Experiments were conducted on two sets of rats, where one group ate a sugary diet high in fructose and the other had a healthy diet. They made the rats navigate a maze with landmarks helping them. After six weeks, they were asked to navigate the maze again. Those who were fed a sugary diet were much slower and when they were dissected, researchers noticed that their brain cells had noticeably declined. “Our findings illustrate that what you eat affects how you think,” said Prof Gomez-Pinilla.
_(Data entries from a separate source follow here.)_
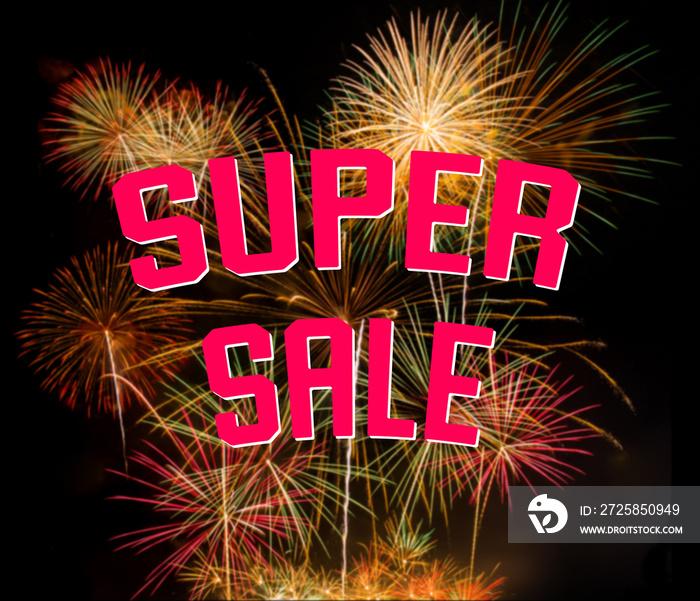 Super sale on colorful fireworks on black background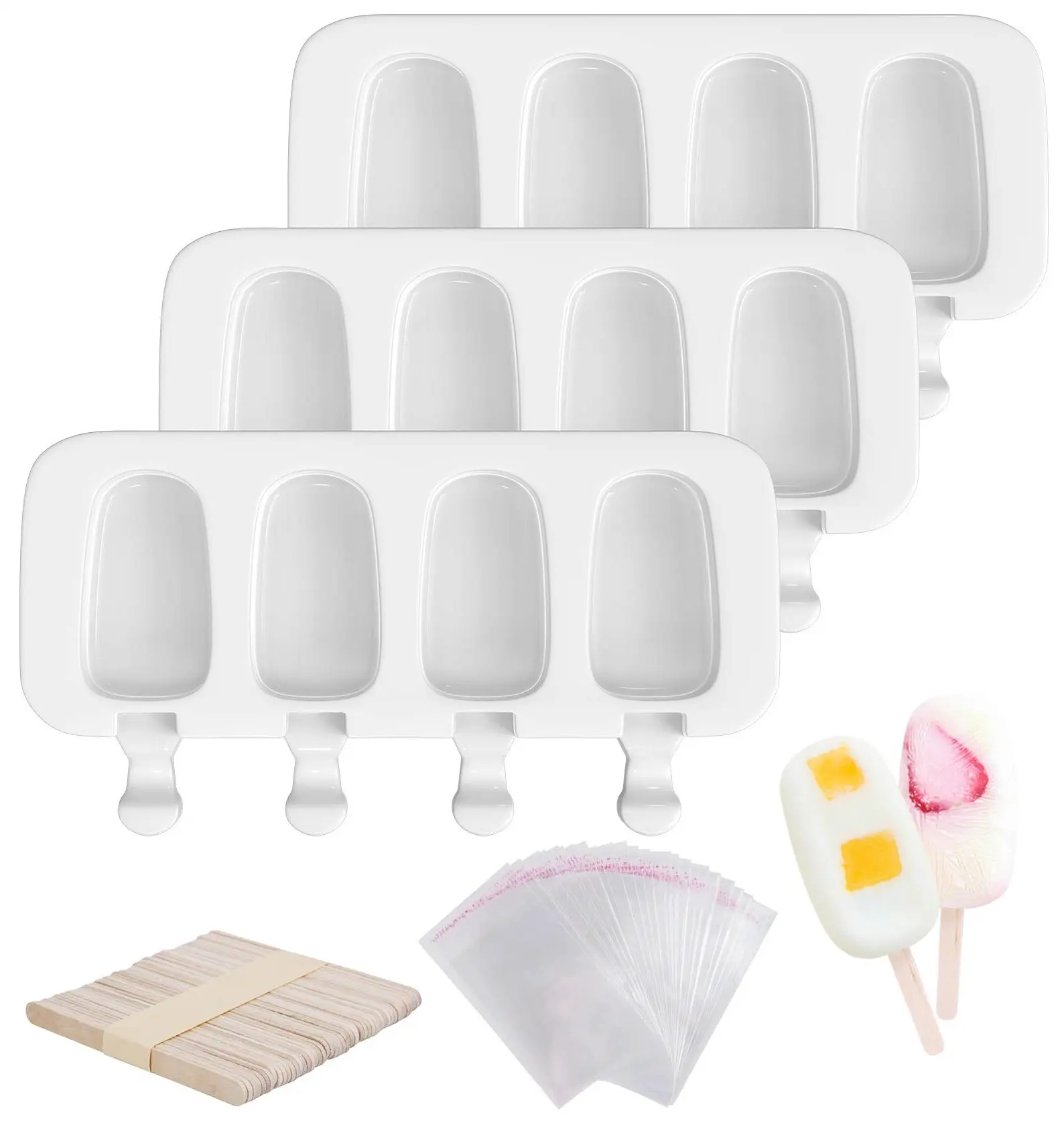 Silicone Popsicle Molds Set – 3 Pack (12 Cavities Total) Oval Ice Cream Mold Maker with 100 Wooden Sticks & 100 Self-Adhesive Bags for DIY Homemade Popsicles, Cake Pops & Frozen Treats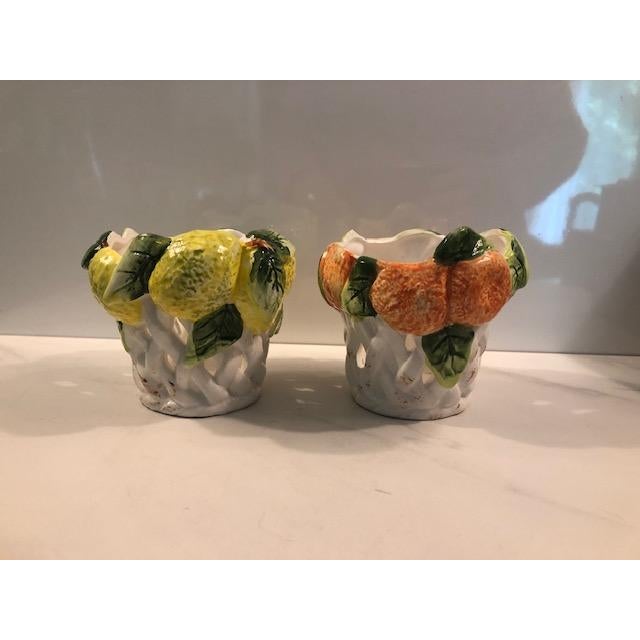 1970s Majolica Lemon Orange Centerpiece Candle Holders / Planters - A Pair For Sale - Image 6 of 14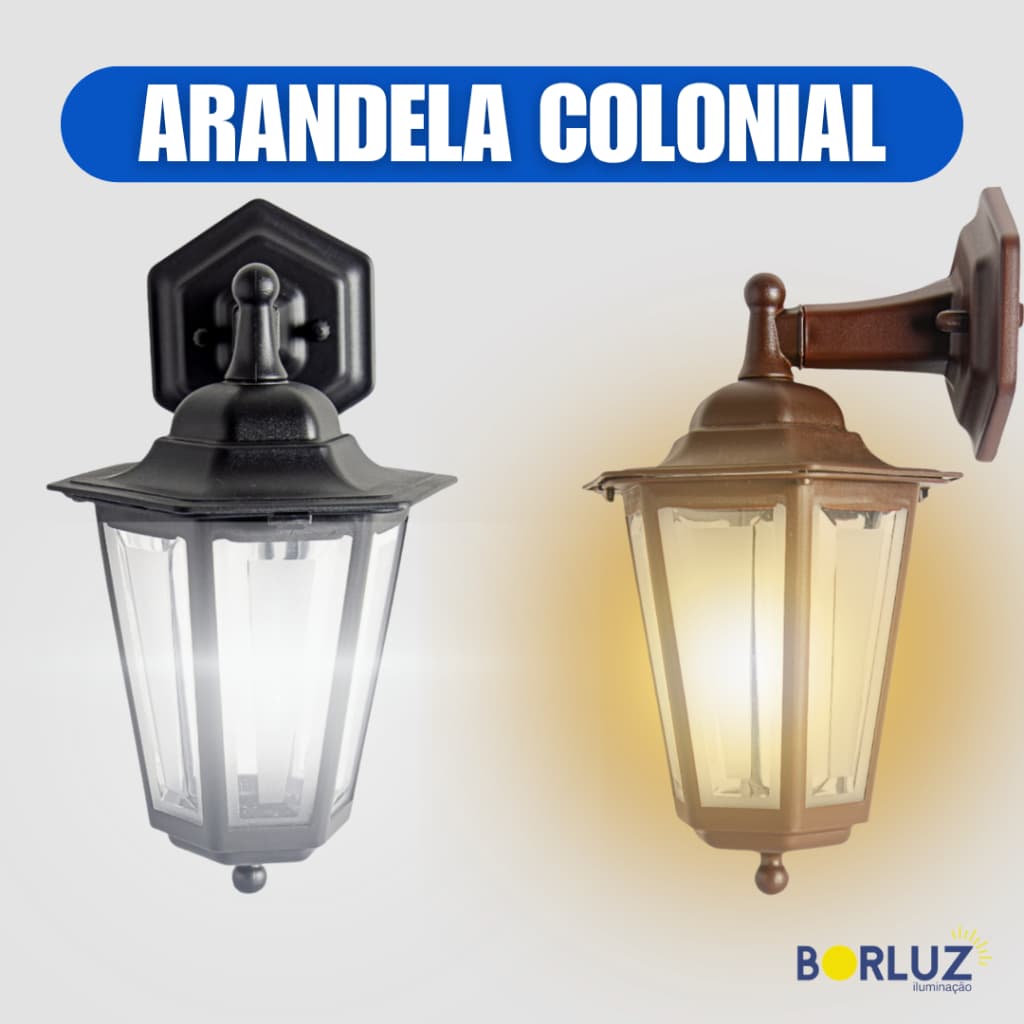 Luminária Arandela Sextavada Colonial Clássica Rústica E27 Bivolt Área Externa e Interna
The research focused on fructose — ie. the high-fructose corn syrup that is commonly used sodas, condiments, baby food and applesauce. Prof Gomez-Pinilla said that while natural fructose is also found in fruits, they are concerned about the unnatural and highly refined corn syrup type that’s in most packaged foods and drinks. And if you think you’re being healthy by drinking “good for you” drinks, think again. Consumption of sports drinks (yes, that means Gatorade and Vitamin Water) and non-organic fruit juices are also a no-no, as they contain refined sugar and have absolutely no nutritional value.
According to a study conducted by researchers from the University of California, sugar meaningfully decreases brain function.
But it’s not just your brain that’s affected. Nancy Guberti, in her article “The Sugar Connection to Learning”, said that we are a product of whatever we eat, and when people, especially young children, consume a huge amount of sugar, this not only hinders learning and memory, but also causes health problems such as diabetes, high blood pressure and obesity.
Studies also show that sugar is one of the largest culprits in aging because when it hits the bloodstream, it attaches to the proteins and forms advanced glycation end products. It then destroys the fibers that keeps the skin strong and supple. In short, consuming sugar causes wrinkles by degrading the elastin and collagen in the body.
And as if you thought it couldn’t get any worse, brace yourself, because sugar is highly addictive. In fact, the scientific community consensus is that it’s a harder addiction to kick than cocaine. Refinement processes similar to sugar refinement transform other plants like poppies and coca into heroin and cocaine, and studies show that seemingly-innocuous sugar can be even more addictive than the recreational drug. Subsequently, people experience dopamine depletion, intense cravings and other sugar withdrawal symptoms. When you look at animal studies comparing sugar to cocaine, even when you get the rats hooked on IV cocaine, once you introduce sugar, almost all of them switch to the sugar.
“You get this intense release of dopamine upon acute ingestion of sugar. After you chronically consume it, those dopamine receptors start becoming down-regulated — there’s less of them, and they’re less responsive,” he said. “That can lead to ADHD-like symptoms … but it can also lead to a mild state of depression because we know that dopamine is that reward neurotransmitter.”
So why isn’t sugar regulated? Because governments all around the world – from the USA to the UK – are on the take or under heavy pressure from industry lobbyists. Remember when Michelle Obama wanted to take on sugar as an issue? The lobbyists shut her up almost immediately, and changed her tune from cutting down on the mountains of junk food and sugar that kids are fed (even in schools!), to her “Let’s Move” exercise pitch.
“Sugar is addictive. And we don’t mean addictive in that way that people talk about delicious foods. We mean addictive, literally, in the same way as drugs. And the food industry is doing everything it can to keep us hooked.” – New York Times
Here’s Russell Brand sounding off about how the sugar industry controls the government and the public’s overall perception of sugar, preventing us from talking about how sugar is a toxic and addictive drug.
“The government subsidizes corn, so high fructose corn syrup is cheaper than sugar, and that’s why it’s so ubiquitous in our diets,” DiNicolantonio explained. “They need to start subsidizing healthy foods. We shouldn’t be able to eat a Snickers bar for cheaper than we can eat an apple.”